Why Does the Delta Potential Only Allow a Single Negative Energy State?

[mielgosez]

Homework Statement

problem 1.4 of Cohen Tannoudji:
The exercise is divided into two parts:
THE FIRST ONE (part a.) asks to find the Fourier transform of a wave function when the potential is: -αδ(x). In terms of p, E, alpha and ψ(0)
and
ask to “show that only one value of E, a negative one, is possible” Furthermore, they claim that “Only the bound state of the particle, and not the ones in which it propagates, is found by this method; why?”

Homework Equations

the Schrodinger equation:
-ℏ^2/2m d^2/〖dx〗^2 ψ(x)-αδ(x)ψ(x)=E ψ(x)

The Attempt at a Solution

Hi, I was solving the problem 1.4 of Cohen Tannoudji:
The exercise is divided into two parts:
THE FIRST ONE (part a.) asks to find the Fourier transform of a wave function when the potential is: -αδ(x).
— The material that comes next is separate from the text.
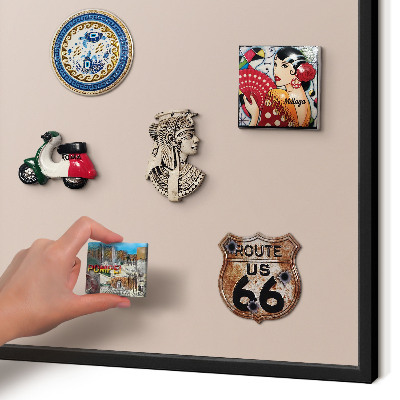 Panou magnetic mural decorativ cadru negru Roz bej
In terms of p, E, alpha and ψ(0)
I did the next procedure:
I wrote down the Schrodinger equation:
-ℏ^2/2m d^2/〖dx〗^2 ψ(x)-αδ(x)ψ(x)=E ψ(x) …………………………………………………………………… (i)
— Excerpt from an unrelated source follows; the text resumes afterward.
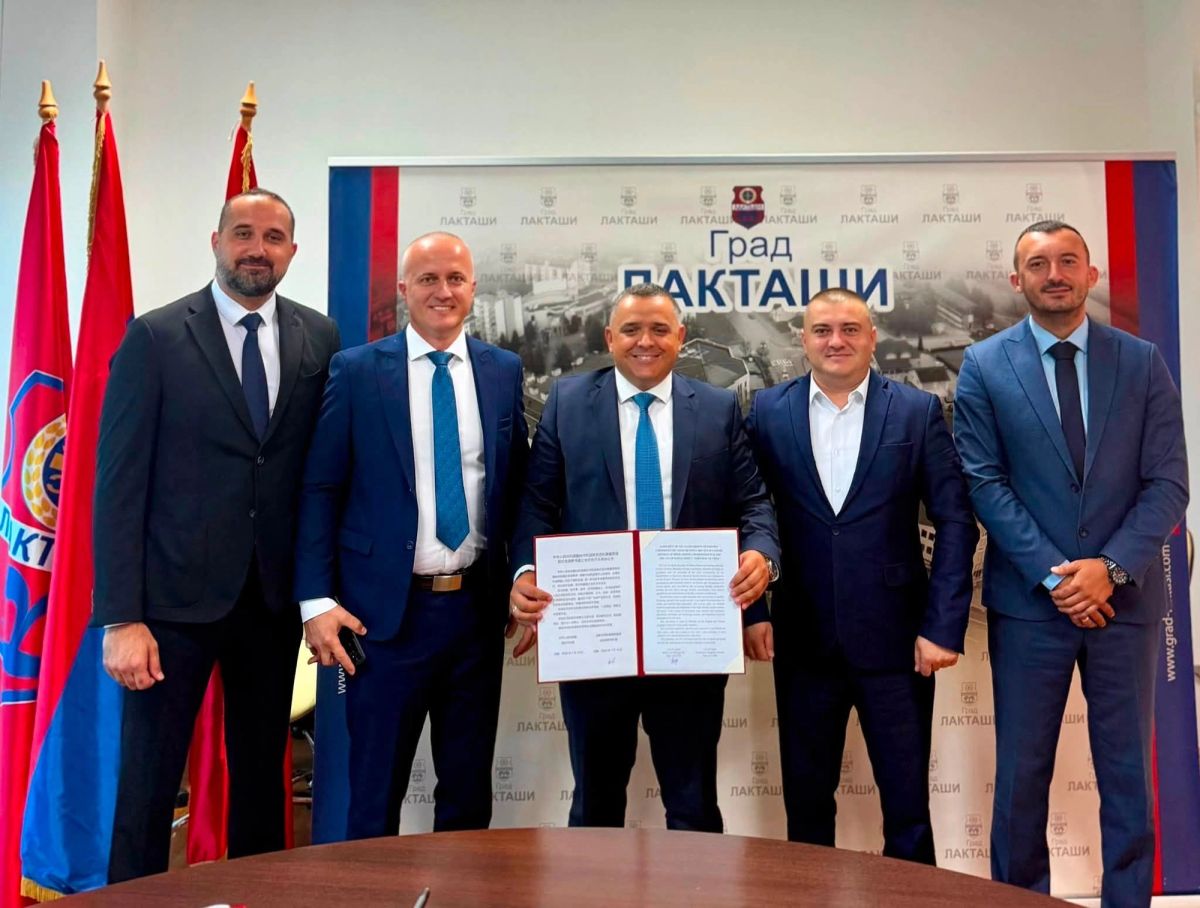 Laktaši i kineski Jantai ozvaničili prijateljske odnose: Potpisan Sporazum o saradnji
Then, I applied a Fourier Transform over the equation (i) What I got was:
-ℏ^2/2m 〖(ik)〗^2 ψ ̅(k)-αψ(0)=E ψ ̅(k)………………………………………………………………………….(ii)
Finally, I express ψ ̅(k) in terms of the given parameters, using the fact that p=ℏk
ψ ̅(k)=(α ψ(0))/(p^2/2m-E)…………………………………………………………………………………………………………(iii)
Now, they ask to “show that only one value of E, a negative one, is possible” Furthermore, they claim that “Only the bound state of the particle, and not the ones in which it propagates, is found by this method; why?”
What I know is that as E=V(r)+p^2/2m and for x≠0 V(r)=0, then equation (iii) diverge. But, I don’t get why there’s

 

[vela]

The Attempt at a Solution

Hi, I was solving the problem 1.4 of Cohen Tannoudji:
The exercise is divided into two parts:
THE FIRST ONE (part a.) asks to find the Fourier transform of a wave function when the potential is: -αδ(x). In terms of p, E, alpha and ψ(0)
I did the next procedure:
I wrote down the Schrodinger equation:
-ℏ^2/2m d^2/〖dx〗^2 ψ(x)-αδ(x)ψ(x)=E ψ(x) …………………………………………………………………… (i)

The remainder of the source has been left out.